Enhanced input of nutrients to wetlands has been shown to stimulate internal wetland biogeochemical cycling (Hopkinson 1992; Wolf et al. 2013). The relationship between sediment deposition and soil mineralization of P, but lack of a relationship for N, suggests that P mineralization is limited by the rate of P inputs to the TFFW and oligohaline marsh ecosystems. The linkage of P deposition and mineralization suggests that the deposited particles have labile forms of P. The lability of deposited sediment P could be due to either direct microbial mineralization of organic P, desorption of P associated with reducing conditions, or addition of salt to soils (Noe et al. 2013). In contrast, N mineralization is decoupled from N inputs.

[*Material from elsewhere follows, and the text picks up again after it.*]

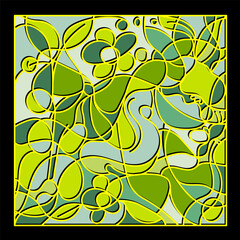 vector pattern in stained glass style with butterflies, flowers, bows and berries. bright abstract composition
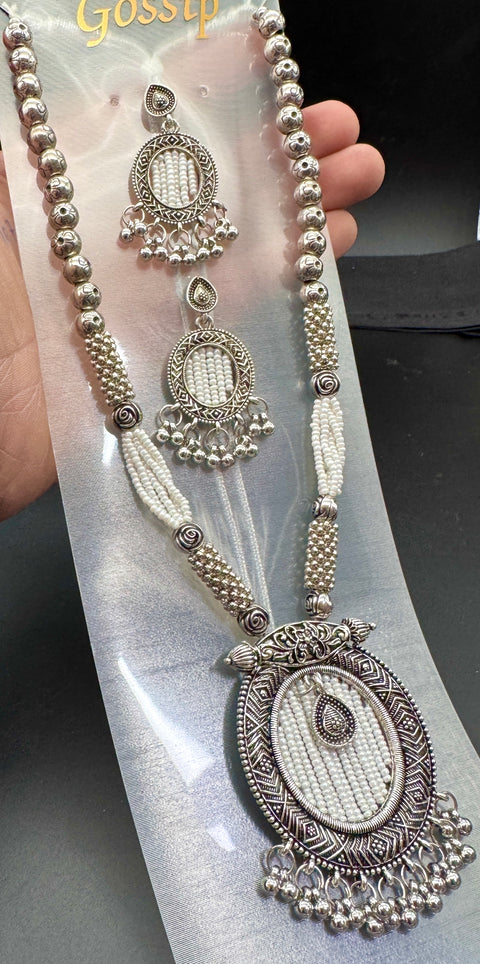 Beautiful pearls work oxidised Necklace with earrings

Instead, N mineralization along tidal rivers is influenced by the production of large quantities of labile litter from dying trees as salinification converts TFFW into oligohaline marsh (Noe et al. 2013). The linkage between P inputs from coastally derived sediments and internal ecosystem biogeochemical processes in TFFW and oligohaline marsh is similar to some mangrove ecosystems where inputs of P from marine sediment regulate ecosystem productivity (Castañeda-Moya et al. 2010).

Conclusions

The changing chemical signature of deposited sediment firmly links longitudinal changes in sediment trapping by wetlands along tidal rivers and estuaries to a changing source from watershed to coastal sediment. This change in sediment source is associated with sediment availability and explains the sedimentation minimum that is often observed in TFFW compared to oligohaline marshes. The minimal sediment trapping and accretion in TFFW (Craft 2012; this study) suggest that they are most sensitive to current and future sea level rise impacts, whereas the resiliency of oligohaline marshes would be greater due to enhanced sediment availability from coastal sources (Kirwan et al. 2010). However, longitudinal patterns of sedimentation can change depending on the time frame of measurement (Hupp et al. 2015), with opposing longitudinal sedimentation patterns from contemporary deposition vs. long-term accumulation measurements. These findings have important implications for the linkages among watershed sediment loading, wetland resilience to sea level rise, and estuarine nutrient budgets.